Recent improvements in computational methods could lead to a much healthier future
Published April 3, 2017
(L to R): MSU scientists Michael Feig, George Mias, Arjun Krishnan and Alex Dickson are using recent advances in computational methods to enrich their research in areas that include biological systems, precision medicine, genomics and pharmaceutical drugs.
Advances in computational methods could lead to a better understanding of human health and the disease process, or the development of new cures for diseases. Four Michigan State University Department of Biochemistry and Molecular Biology (BMB) scientists are hard at work, pushing the boundaries of these methods to enrich their research.
“People have been doing computer simulations since the computer was invented,” said Alex Dickson, a BMB assistant professor with a joint appointment in the MSU Department of Computational Mathematics, Science and Engineering (CMSE). “But there have been tremendous strides even in the past ten years in our ability to capture longer and longer timescale events, bigger and bigger systems, and to describe these molecular systems more accurately with better force fields.”
Dickson’s laboratory uses computational techniques such as molecular dynamics to study how molecules bind to small proteins in the body.
“Binding and unbinding events occur on very long timescales, and conventional molecular dynamics techniques are applicable only to processes that are on a nanosecond to microsecond timescale,” Dickson said. “To see a drug unbind from its molecular receptor can take from several seconds, up to minutes. That’s a huge gap to bridge.”
To bridge that gap, Dickson has developed a novel method—called WExplore—that allows the study of long timescale events using only microsecond scale simulations.
“This method uses many trajectories in parallel that are periodically managed so we can generate these trajectory sets that are very diverse,” Dickson said. “We can then take these trajectories, put them back together, and explore these ‘landscapes of molecular conformations’ that are much broader than what we could get with traditional simulations.
“We’re principally interested in how pharmaceutical drugs bind to their protein targets, and how we can use this information to design the next generation of drug molecules,” Dickson added.
Professor Michael Feig investigates the structure, dynamics, and energetics of biological macromolecules such as proteins or nucleic acids.
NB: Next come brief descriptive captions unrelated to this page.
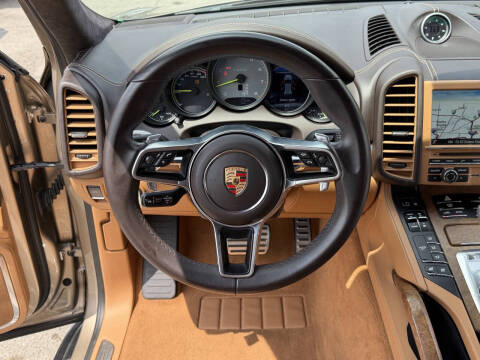 2015 Porsche Cayenne S E-Hybrid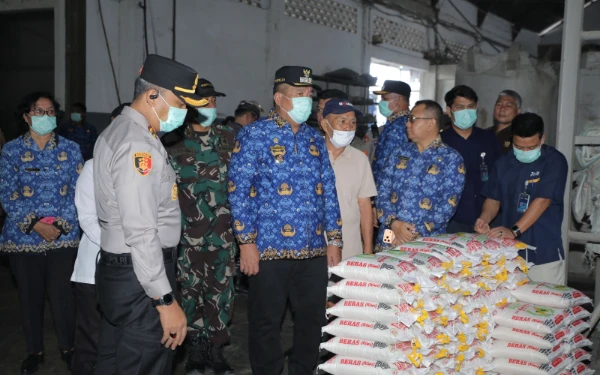 Bareng Forkopimda Tinjau Pos  Mudik dan Gudang Beras, Bupati Asahan Pastikan Keamanan dan Kenyamanan Pemudik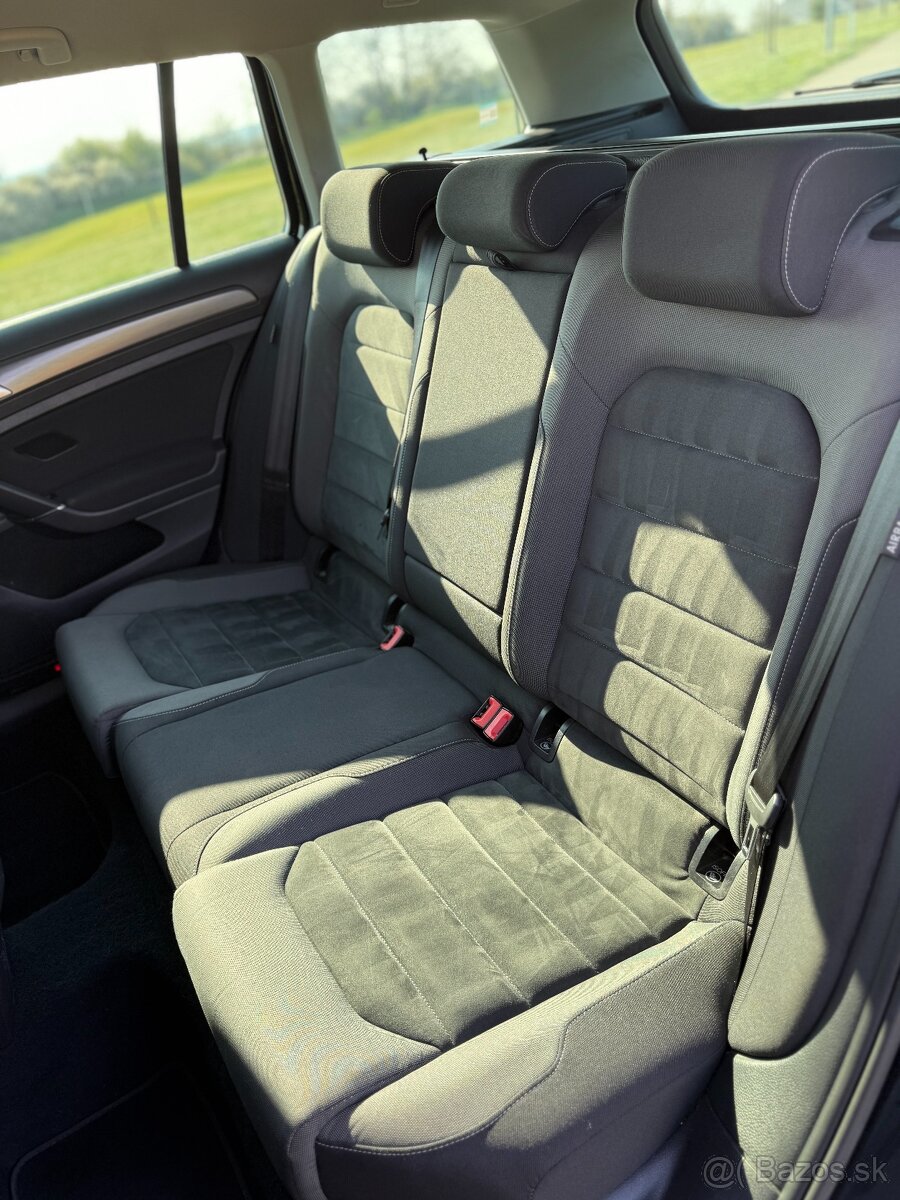 Volkswagen Golf 1.6 TDI DSG - 13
Ten years ago, his lab was able to study only one protein at a time. Now, they can look at up to thousands of proteins at once.
“If you’re looking at one protein at a time, you’re looking at a very artificial system,” Feig said. “With computational methods, we can see the real biological environment with everything that’s happening at the same time. We’re getting much closer to what biology really is.”
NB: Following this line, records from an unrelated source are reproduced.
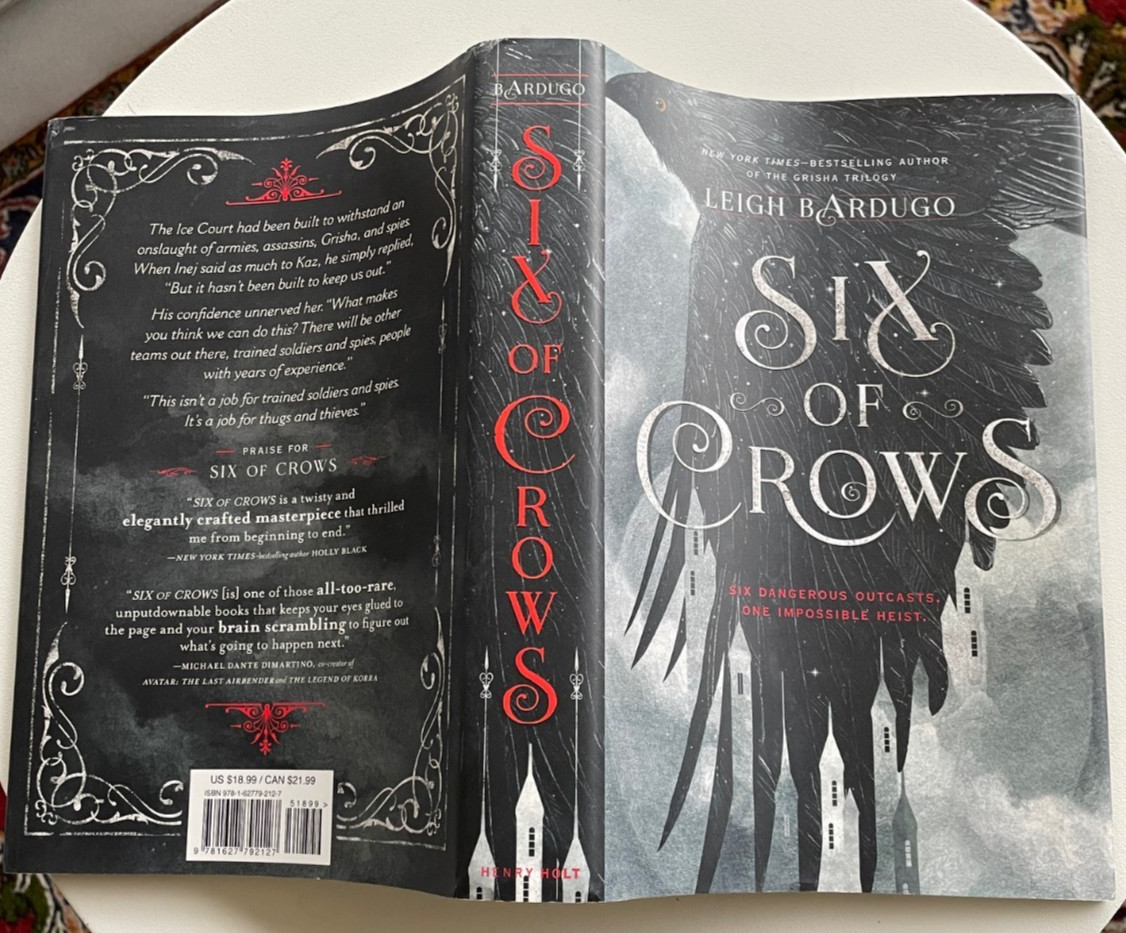 Six of Crows by Leigh Bardugo, 1st ed, 1st printing, w/blk edges, HC, Like New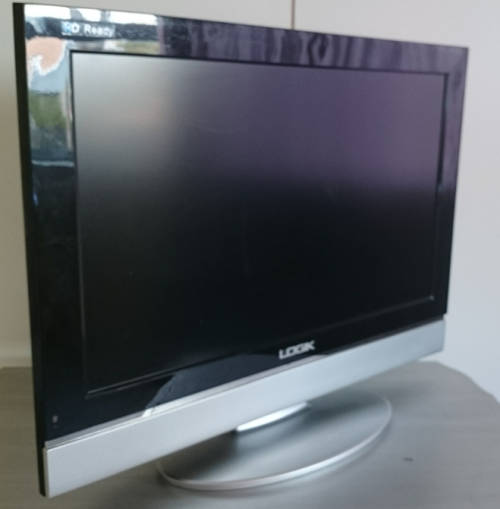 Logik LCD 32 Inch Flat Screen TV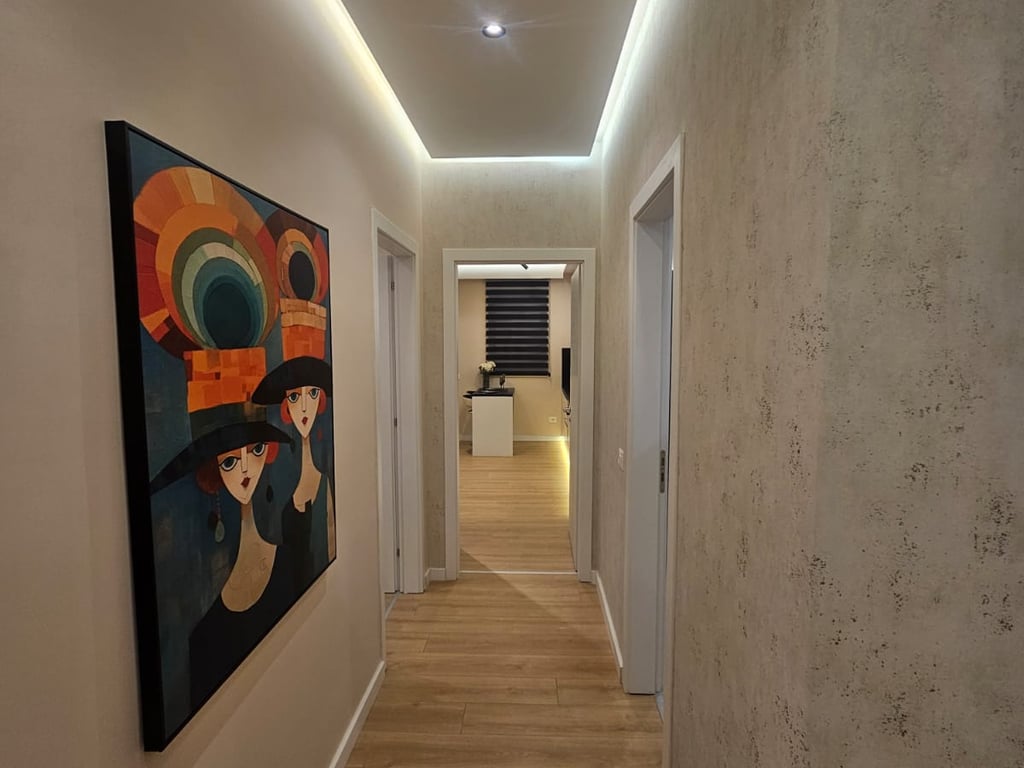 Shitet Apartament 2+1 Prane Pazarit te Ri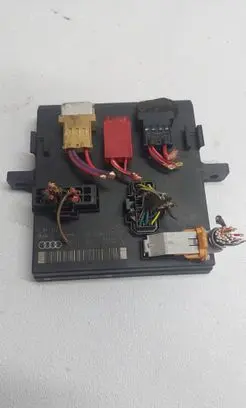 Audi A4 S4 B7 8E 8H Comfort/convenience module 8E0907279N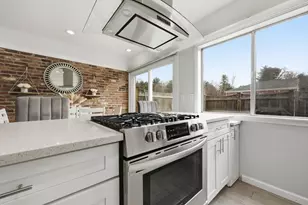 41 Jamestown Dr, Springfield, MA 01108 - Photo 16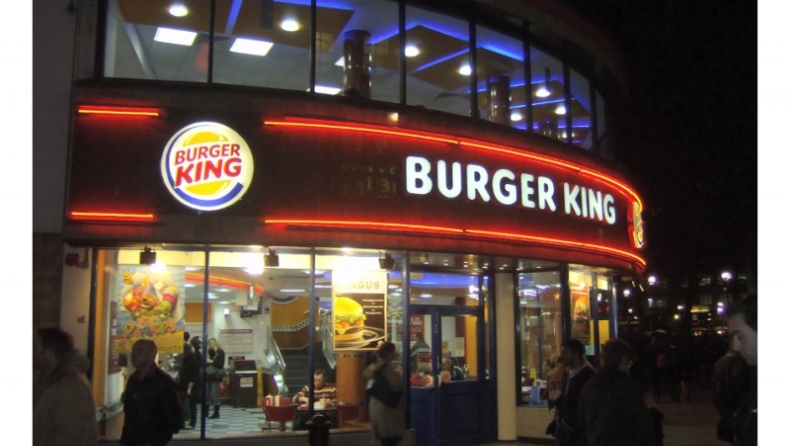 Η ανάπτυξη… περνάει από το στομάχι – Έρχεται στην Ελλάδα ο «Βασιλιάς» των Burger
Feig explained that the interplay between experiments and the computer in the past five to ten years has become incredibly productive.
“Once we have models that describe biological cells accurately and realistically,” he said, “we can use these models to design drugs, change a biological system or maybe even cure diseases.”
Work in the lab of Arjun Krishnan, a CMSE assistant professor with a joint appointment in BMB, focuses on how genomics relates to human health and disease. His approach involves using existing large datasets that represent decades of experimental work by hundreds of researchers across the world who have made their data publicly available.
“The only way to leverage this data in some comprehensive way is to use computational methods that can ‘de-bias’ the large amount of data—by using scarce but high-quality prior knowledge and by focusing on specific biological contexts,” Krishnan said. “Such an approach is relevant to human disease as a vehicle toward mechanistic understanding and genetic diagnosis. One way to improve genetic diagnosis (for a specific disease, such as autism, for example) is to predict in a data-driven manner which genes might be involved in the disease.
“We can discover disease-associated genes and variants that have never been studied before,” Krishnan added. “I think this is important to move biology forward.”
Research in the lab of Assistant Professor George Mias focuses on precision medicine. A specific project in that lab consists of monitoring individuals over multiple time points to see if there are changes to these individuals at the molecular level that reflect the changes they’re undergoing in their general health. Through their clinical trials, they collect blood and immune cell samples, from which they may extract information on more than 20,000 genes, 8,000 proteins and 10,000 metabolites. These thousands of measurements cannot be analyzed by hand.
“To study this kind of information—looking at longitudinal data from thousands of components—we need the help of computers,” Mias said. “Surprisingly, as recently as 2012, the technology and the computational capabilities to analyze these types of measurements were not utilized to help us make sense of this kind of large data.
“Precision medicine is a direction more researchers are moving toward, so we’ll be seeing a much heavier use of computational methods,” he added.
“The role of computation today is to make sense of very complicated experiments, and to develop models that can interpret the experimental data better,” Feig said. “We also use it to develop hypotheses to generate ideas to guide experimentalists in what kinds of experiments to do next, and what kinds of questions to ask.”
“Taking the computational approach, which is very unbiased, allows us to venture into the unknown in a very systematic way,” Krishnan said.